Early last month, I took the KTM 390 Adventure from Mumbai to Goa and back. If you didn’t read my column last month, it was a ride more wet than wild, and the 390 was left feeling like it had been put through a rough spin cycle. The most apparent sign was a chain that hung loose like a Dussehra garland. And so, a service was scheduled and off I went to Ahuja KTM in Andheri, after learning that the place was known for its high-quality work. I spent a total of three hours there and roughly Rs 5000 which included parts, and also the purchase of an extended warranty for two years or 30,000 km. At the reduced rate at which the bike’s running, it’s safe to say it’ll be the former.
Anyway, the technician who worked on the bike was more or less a KTM robot, finishing one task after another with practised ease. He didn’t mind that I was hovering around instead of sitting in the air-conditioned lounge, either. I had a list of things that I wanted done in addition to the normal service, including greasing of the steering head bearings and software updates for the ECU and the TFT screen. The things changed were the oil and oil filter, the air filter that looked like it’d been through the Dakar, a few bolts that’d fallen off on the ride, and other minor parts.
However, the software update couldn’t fix the screen’s newfound habit of keeping its indicator and high beam tell-tale lights permanently on.

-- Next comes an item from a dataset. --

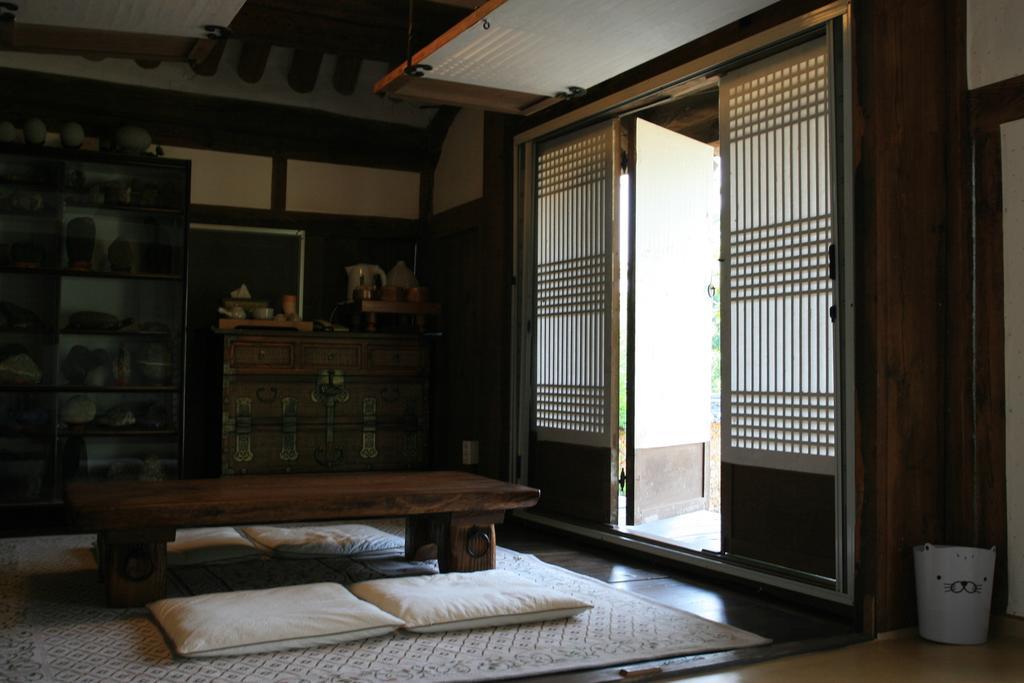 Jinrae Lee'S Traditional House Boseong Buitenkant foto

It was a minor irritant, but everything else is working fine, so I’m not too bothered about it right now. In any case, with everything tightened and lubed, the 390 now feels like a new bike. During the software update, which requires the bike to be kept switched on but not running, the technician informed me that the battery isn’t holding charge, and that earlier bikes’ batteries did have this problem. And guess what? Just before writing this, I went down to crank the bike, and the battery’s dead. Sigh.